Le ministre de l’Intérieur Bernard Cazeneuve s’est récemment félicité des progrès réalisés par ses services dans la lutte contre l’immigration clandestine. Selon les chiffres du ministère, 226 filières ont été démantelées en 2014. Record historique, ce chiffre marque une progression de 11 % par rapport à 2013 (203 filières démantelées) et de 27 % par rapport à 2012 (178). Ces indicateurs sont repris parmi les « 10 chiffres qui vont vous surprendre sur l’immigration en France » du site gouvernement.fr, qui les présente comme la preuve que « la France est efficace contre les filières qui tentent d’exploiter la misère humaine à des fins marchandes ».

Cette interprétation pose néanmoins plus question qu’il n’y paraît. Ces statistiques, comme de nombreux indicateurs élaborés pour le suivi de la criminalité, ont la particularité de porter sur des objets en temps normaux invisibles, en partie révélés par l’activité des agents chargés de les réprimer.
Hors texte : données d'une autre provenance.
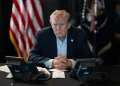 Trump cuestionó la pasividad iraní/Casa Blanca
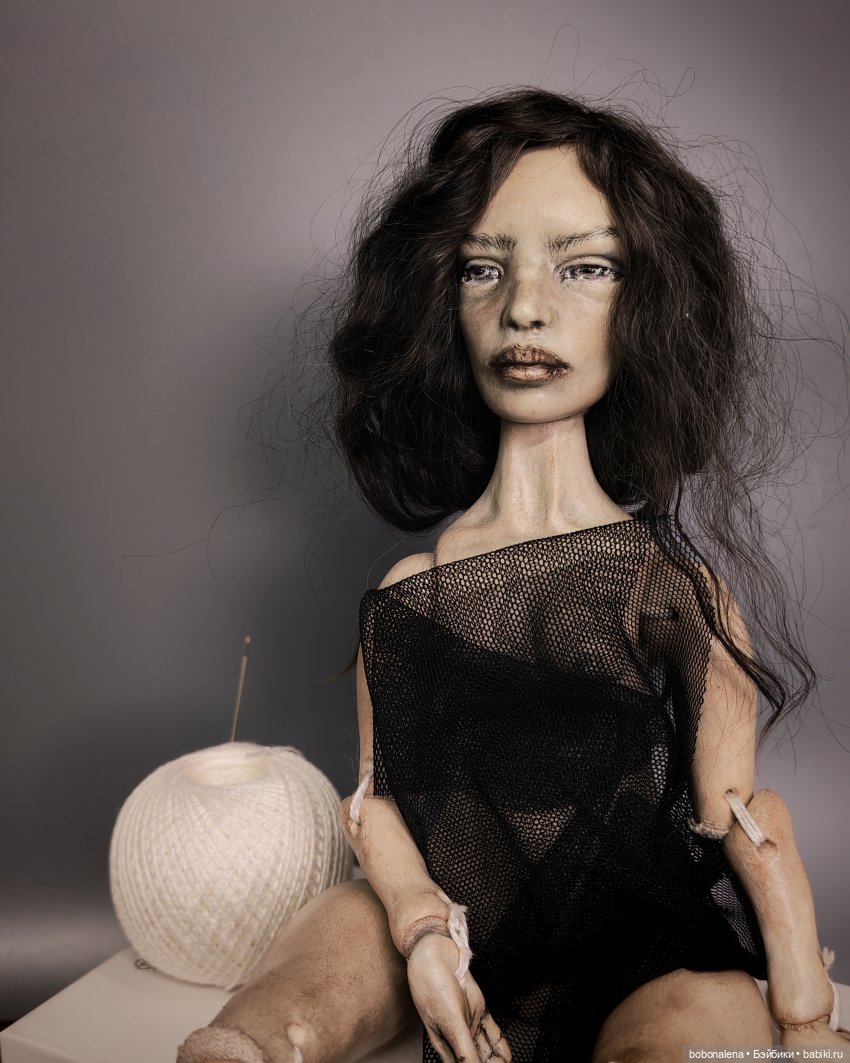 Апрель. Кукла. Знакомство | Бэйбики Апрель. Кукла. Знакомство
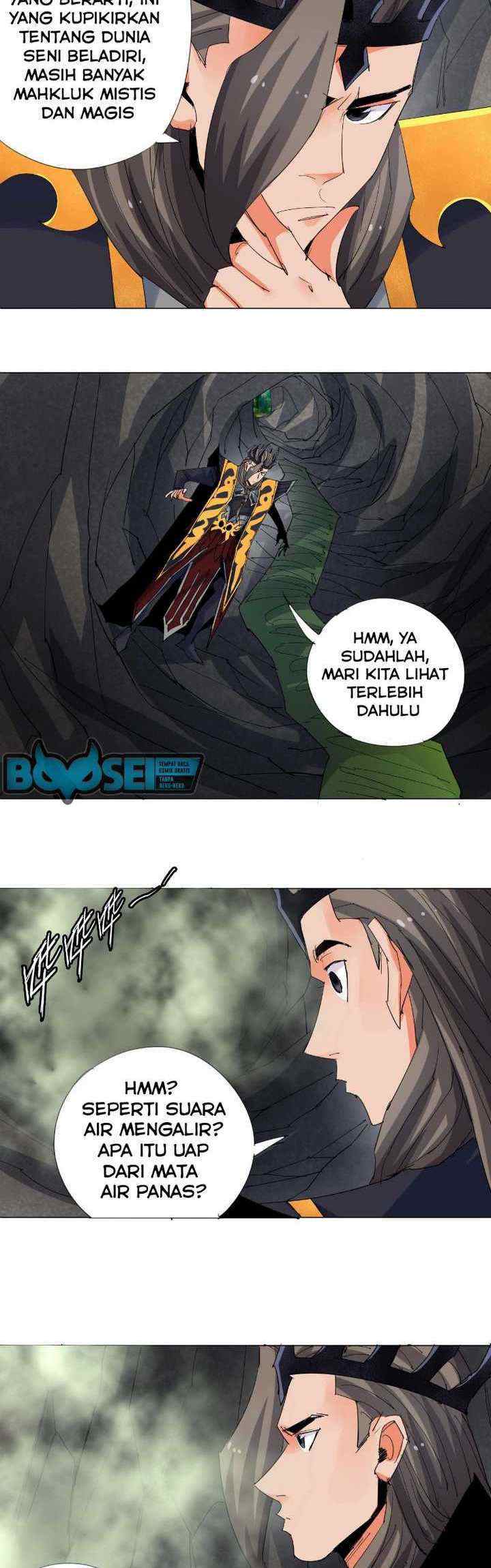 Villain Warrior chapter 17 halaman 16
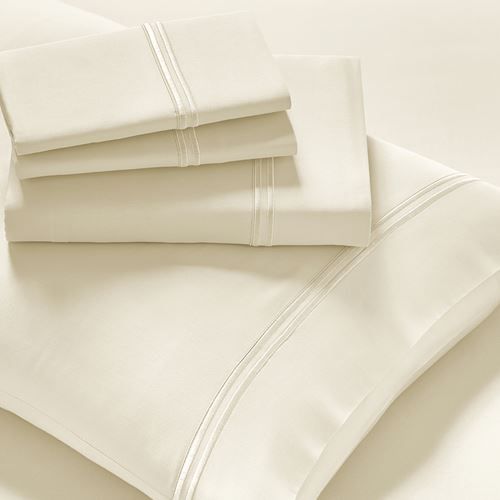 PureCare Premium Modal Pillowcase Set (Shown in Ivory)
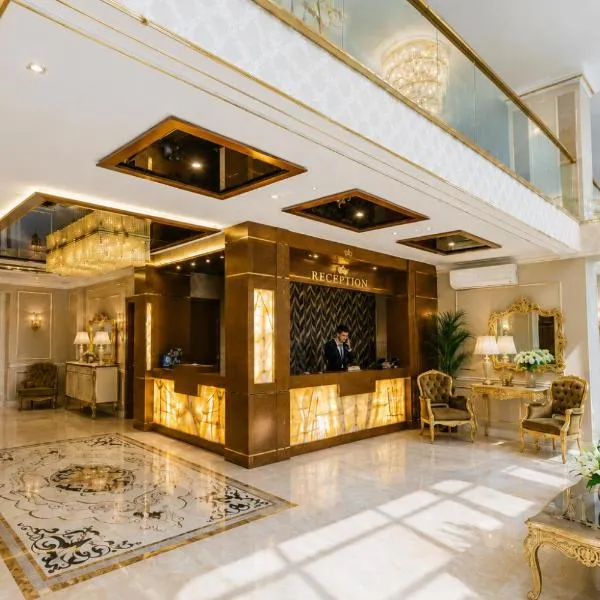 REAL KiNG RESiDENCE – hotel w mieście Trabzon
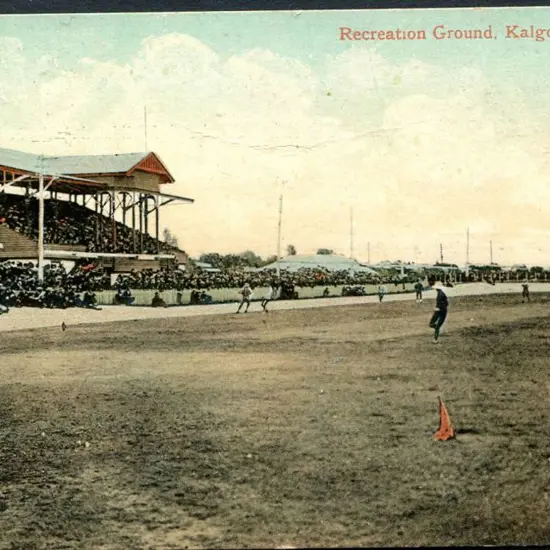 "Recreation Ground, Kalgoorlie, W.A." Falk & Co. ...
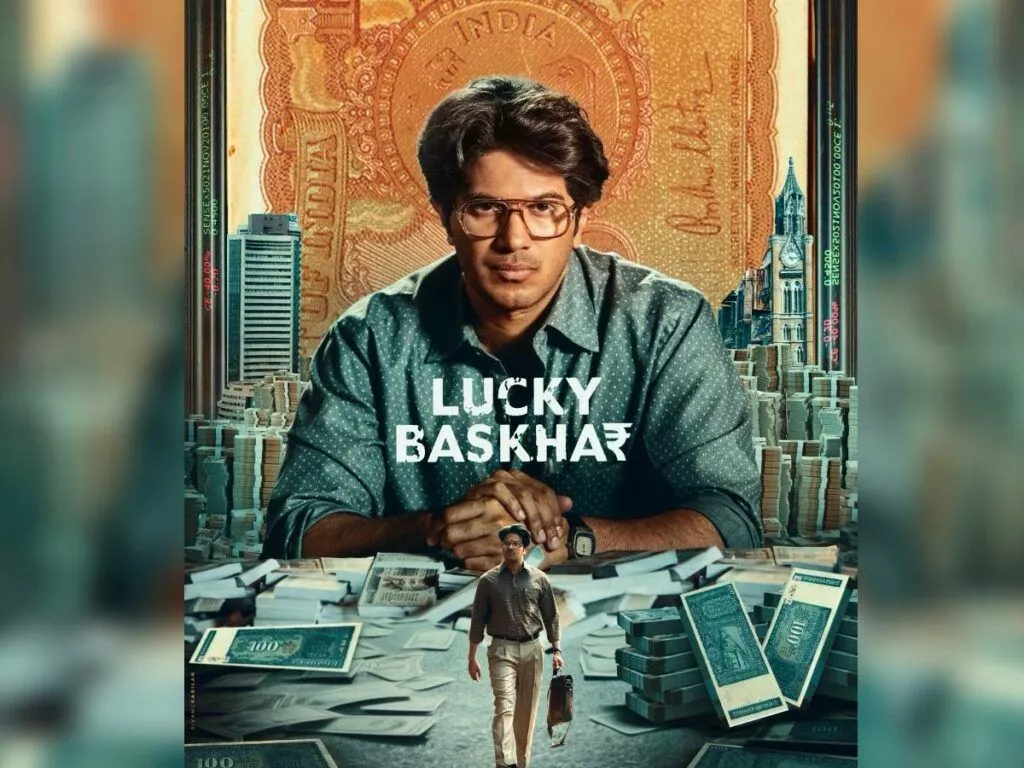 The first look of 'Lucky Bhaskar' is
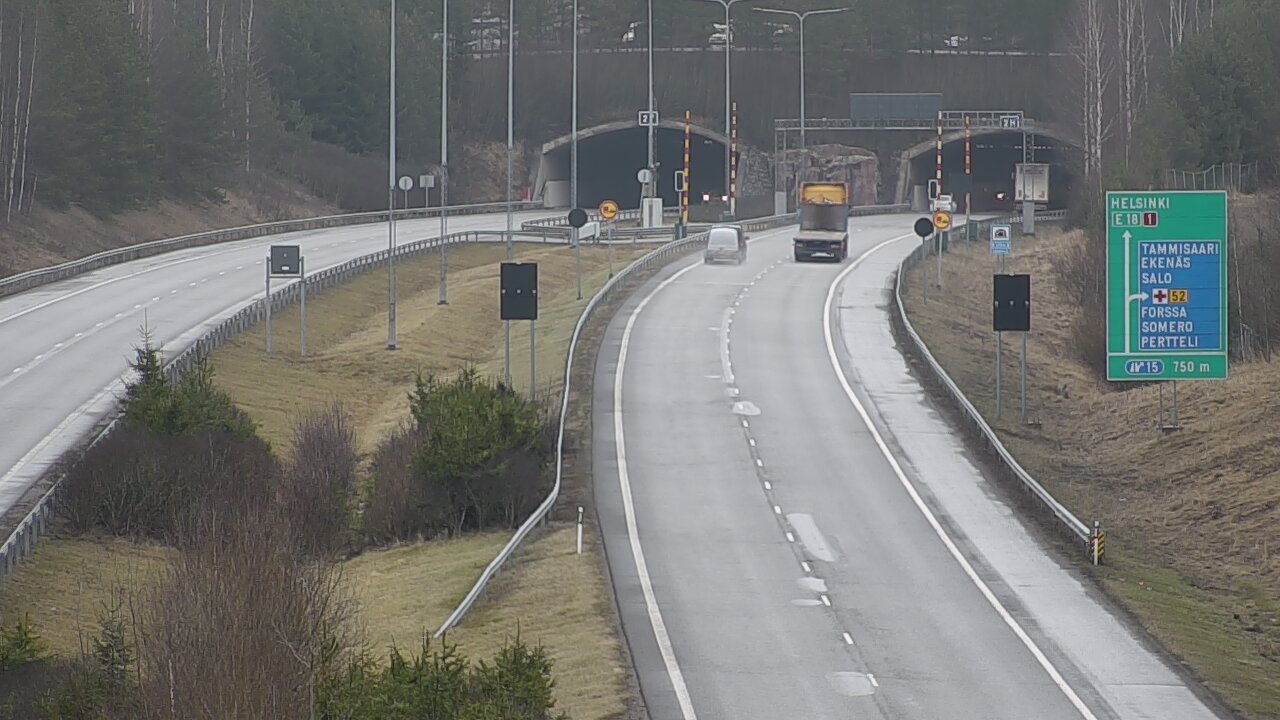 Kelikamerat Kuva Tie 1 Salo, Isokylä, Salo, Varsinais-Suomi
Leur dénombrement dépend ainsi tout autant de leur fréquence réelle que de l’intensité avec laquelle ces agents luttent contre eux et contribuent donc à les mettre en lumière. Dans le cas des filières d’immigration clandestine, dans quelle mesure la croissance du nombre de démantèlements est-elle le signe de l’efficacité de la lutte ou de la démultiplication de ces filières ? Forçons le trait et imaginons que le nombre réel (mais inconnu) de ces filières ait augmenté de 20 % entre 2013 et 2014 : cette croissance de 11 % du nombre de filières démantelées serait au contraire le constat d’un échec.

On peut enfin s’interroger sur la pertinence du raisonnement conduisant à interpréter cette hausse comme un marqueur d’efficacité : n’est-elle pas également le signe de l’incapacité de notre nation et de l’Europe à lutter contre les désordres géopolitiques mondiaux qui jettent cette foule sur les routes de l’exode ? Ce benchmark – terme consacré dans la novlangue managériale en vogue pour désigner un point de référence – est un excellent exemple de la profonde ambiguïté que véhiculent ces indicateurs malgré l’apparente évidence de leur objectivité.